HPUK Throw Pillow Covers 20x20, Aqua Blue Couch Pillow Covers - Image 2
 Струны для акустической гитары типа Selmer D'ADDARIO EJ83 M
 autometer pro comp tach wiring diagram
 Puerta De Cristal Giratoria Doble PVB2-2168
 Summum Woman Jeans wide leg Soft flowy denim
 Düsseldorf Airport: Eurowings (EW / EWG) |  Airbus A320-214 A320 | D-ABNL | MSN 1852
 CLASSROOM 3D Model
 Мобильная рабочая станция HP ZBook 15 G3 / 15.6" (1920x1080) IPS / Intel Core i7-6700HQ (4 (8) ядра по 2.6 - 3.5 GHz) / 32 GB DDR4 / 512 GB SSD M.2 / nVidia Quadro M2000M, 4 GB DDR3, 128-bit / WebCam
◇ ◇ ◇ ◇ ◇
* [WORK ITEM]
Could you print the lines of the records above from the one containing "Summum Woman Jeans wide leg Soft flowy denim" through the last, exactly and with no additions?

* [TASK SOLUTION]
 Summum Woman Jeans wide leg Soft flowy denim
 Düsseldorf Airport: Eurowings (EW / EWG) |  Airbus A320-214 A320 | D-ABNL | MSN 1852
 CLASSROOM 3D Model
 Мобильная рабочая станция HP ZBook 15 G3 / 15.6" (1920x1080) IPS / Intel Core i7-6700HQ (4 (8) ядра по 2.6 - 3.5 GHz) / 32 GB DDR4 / 512 GB SSD M.2 / nVidia Quadro M2000M, 4 GB DDR3, 128-bit / WebCam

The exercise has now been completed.